**WHAT TO WORK ON**:
The answer must be one number: how many lines below contain the word "Chuyển".
:: DATA FOR THE TASK ::
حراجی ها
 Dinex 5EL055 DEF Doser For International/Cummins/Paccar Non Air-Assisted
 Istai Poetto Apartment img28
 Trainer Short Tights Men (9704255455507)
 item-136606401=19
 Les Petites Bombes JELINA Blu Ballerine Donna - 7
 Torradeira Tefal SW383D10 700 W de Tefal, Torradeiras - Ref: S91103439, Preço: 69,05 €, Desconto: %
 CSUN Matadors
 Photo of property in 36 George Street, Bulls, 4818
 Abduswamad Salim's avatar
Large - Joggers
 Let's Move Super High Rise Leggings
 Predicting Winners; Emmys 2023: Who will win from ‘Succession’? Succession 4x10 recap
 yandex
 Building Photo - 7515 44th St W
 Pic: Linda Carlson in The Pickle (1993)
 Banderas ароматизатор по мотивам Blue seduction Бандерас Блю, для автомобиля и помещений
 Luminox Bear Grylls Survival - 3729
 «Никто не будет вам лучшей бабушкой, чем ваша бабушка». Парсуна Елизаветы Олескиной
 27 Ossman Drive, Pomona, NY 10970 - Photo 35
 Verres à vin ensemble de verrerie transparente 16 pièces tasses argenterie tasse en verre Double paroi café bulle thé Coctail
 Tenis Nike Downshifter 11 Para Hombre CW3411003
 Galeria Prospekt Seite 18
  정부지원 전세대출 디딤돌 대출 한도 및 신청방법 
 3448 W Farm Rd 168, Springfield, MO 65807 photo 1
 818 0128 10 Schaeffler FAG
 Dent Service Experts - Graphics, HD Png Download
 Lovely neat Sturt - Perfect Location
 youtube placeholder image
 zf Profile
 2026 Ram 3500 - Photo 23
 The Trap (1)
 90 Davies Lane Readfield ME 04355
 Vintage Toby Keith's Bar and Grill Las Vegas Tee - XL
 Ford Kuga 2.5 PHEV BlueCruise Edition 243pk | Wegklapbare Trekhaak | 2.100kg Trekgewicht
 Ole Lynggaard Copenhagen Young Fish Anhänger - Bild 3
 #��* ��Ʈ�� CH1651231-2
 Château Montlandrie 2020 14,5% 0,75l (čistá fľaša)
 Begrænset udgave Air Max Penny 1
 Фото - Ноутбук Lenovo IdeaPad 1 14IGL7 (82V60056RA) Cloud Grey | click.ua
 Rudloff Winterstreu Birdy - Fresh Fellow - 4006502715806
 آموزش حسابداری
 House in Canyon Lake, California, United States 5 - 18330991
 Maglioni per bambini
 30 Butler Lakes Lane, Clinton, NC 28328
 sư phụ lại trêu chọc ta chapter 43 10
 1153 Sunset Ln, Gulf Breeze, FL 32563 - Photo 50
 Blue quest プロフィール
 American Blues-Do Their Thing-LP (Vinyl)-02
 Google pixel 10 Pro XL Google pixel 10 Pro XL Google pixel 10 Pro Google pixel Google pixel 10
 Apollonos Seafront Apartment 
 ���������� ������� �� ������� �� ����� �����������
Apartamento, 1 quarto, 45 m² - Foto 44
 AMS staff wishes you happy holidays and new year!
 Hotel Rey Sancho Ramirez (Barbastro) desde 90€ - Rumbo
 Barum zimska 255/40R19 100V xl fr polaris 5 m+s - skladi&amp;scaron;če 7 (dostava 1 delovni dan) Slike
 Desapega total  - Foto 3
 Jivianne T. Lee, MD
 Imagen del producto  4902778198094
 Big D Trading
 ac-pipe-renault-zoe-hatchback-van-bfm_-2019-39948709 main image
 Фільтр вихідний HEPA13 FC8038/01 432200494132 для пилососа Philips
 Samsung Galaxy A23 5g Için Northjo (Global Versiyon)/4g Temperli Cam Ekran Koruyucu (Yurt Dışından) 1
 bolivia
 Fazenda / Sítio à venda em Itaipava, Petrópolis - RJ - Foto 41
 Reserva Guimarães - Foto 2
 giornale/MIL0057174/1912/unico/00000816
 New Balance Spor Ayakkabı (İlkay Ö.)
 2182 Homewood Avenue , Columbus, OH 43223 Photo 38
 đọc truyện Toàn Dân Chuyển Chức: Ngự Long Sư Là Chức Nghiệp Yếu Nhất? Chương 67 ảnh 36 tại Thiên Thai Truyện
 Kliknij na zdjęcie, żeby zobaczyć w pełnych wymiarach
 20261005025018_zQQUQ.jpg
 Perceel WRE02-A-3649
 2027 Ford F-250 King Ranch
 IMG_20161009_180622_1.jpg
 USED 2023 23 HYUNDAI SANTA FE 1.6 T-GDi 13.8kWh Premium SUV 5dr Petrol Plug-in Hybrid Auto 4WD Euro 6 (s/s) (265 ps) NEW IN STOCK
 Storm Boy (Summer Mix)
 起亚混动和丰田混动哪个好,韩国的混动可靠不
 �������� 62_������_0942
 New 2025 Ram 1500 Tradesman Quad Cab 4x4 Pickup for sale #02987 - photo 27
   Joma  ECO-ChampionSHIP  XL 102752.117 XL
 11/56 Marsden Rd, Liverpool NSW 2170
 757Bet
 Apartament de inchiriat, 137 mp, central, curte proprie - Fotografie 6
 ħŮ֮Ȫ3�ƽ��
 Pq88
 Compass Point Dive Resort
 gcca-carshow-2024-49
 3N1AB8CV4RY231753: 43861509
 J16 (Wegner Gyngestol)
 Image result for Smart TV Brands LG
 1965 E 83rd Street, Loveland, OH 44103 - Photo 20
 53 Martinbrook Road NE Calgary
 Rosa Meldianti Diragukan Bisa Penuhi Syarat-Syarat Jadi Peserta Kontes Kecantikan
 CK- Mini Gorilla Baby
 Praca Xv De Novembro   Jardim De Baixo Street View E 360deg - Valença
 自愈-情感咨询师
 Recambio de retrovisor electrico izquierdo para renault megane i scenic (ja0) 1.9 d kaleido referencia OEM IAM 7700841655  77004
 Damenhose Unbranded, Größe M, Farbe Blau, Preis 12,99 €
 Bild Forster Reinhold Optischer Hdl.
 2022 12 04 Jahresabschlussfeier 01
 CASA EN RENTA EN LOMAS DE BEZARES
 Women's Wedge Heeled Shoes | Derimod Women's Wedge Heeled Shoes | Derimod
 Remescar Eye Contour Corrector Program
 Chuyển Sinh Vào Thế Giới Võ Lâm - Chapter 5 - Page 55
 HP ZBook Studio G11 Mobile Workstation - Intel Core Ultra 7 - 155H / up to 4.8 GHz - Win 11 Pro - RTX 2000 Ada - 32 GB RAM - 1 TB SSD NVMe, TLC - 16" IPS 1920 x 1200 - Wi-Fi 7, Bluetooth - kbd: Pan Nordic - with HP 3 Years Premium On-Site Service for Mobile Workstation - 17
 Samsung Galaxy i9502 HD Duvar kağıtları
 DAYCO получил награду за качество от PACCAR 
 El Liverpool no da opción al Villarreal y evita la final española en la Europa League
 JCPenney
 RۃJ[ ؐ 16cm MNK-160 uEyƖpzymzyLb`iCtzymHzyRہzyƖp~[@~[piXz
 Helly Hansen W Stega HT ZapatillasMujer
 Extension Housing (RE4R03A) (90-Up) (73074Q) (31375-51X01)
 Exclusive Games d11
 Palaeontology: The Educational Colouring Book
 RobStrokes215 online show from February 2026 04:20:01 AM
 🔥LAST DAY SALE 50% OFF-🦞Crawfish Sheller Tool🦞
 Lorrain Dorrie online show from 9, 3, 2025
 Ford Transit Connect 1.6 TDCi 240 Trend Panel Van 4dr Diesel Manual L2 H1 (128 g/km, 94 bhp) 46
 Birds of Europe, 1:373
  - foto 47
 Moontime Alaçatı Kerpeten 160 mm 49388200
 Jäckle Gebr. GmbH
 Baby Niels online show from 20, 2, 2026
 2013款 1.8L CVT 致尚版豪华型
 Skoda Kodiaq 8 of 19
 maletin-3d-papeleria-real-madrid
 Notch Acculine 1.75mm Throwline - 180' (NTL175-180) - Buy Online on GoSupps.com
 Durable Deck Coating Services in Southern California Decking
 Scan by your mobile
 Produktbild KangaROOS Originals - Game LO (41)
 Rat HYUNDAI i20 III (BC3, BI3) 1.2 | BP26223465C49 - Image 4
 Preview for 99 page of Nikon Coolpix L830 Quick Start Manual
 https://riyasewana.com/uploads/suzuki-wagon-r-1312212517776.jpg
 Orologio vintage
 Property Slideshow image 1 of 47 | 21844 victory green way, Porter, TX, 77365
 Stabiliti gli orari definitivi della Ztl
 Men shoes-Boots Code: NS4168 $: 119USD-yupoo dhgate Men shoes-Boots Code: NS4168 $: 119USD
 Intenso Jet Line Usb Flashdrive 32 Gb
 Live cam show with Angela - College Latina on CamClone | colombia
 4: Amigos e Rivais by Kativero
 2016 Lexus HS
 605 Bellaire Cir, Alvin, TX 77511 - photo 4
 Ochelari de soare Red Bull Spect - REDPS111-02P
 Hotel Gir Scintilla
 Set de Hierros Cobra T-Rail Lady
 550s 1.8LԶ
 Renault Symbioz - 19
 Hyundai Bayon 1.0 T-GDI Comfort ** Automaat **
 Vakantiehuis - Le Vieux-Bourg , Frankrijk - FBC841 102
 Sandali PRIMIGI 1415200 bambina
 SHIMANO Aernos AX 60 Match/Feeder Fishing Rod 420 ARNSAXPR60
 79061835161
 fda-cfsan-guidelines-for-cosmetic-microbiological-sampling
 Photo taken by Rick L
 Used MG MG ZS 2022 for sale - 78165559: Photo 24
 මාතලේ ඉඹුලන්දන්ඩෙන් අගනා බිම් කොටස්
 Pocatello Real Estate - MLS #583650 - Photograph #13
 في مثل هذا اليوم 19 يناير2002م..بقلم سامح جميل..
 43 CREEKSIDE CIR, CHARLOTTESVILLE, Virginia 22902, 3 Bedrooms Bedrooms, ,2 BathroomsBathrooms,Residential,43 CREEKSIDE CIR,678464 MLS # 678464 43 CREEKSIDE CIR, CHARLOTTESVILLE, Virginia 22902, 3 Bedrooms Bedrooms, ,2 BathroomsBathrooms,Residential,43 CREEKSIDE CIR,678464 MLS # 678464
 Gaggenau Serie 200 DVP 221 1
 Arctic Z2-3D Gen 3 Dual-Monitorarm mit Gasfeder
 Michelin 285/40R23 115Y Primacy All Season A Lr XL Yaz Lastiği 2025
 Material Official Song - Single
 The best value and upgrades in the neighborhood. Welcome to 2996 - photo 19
:::
**SOLUTION**:
2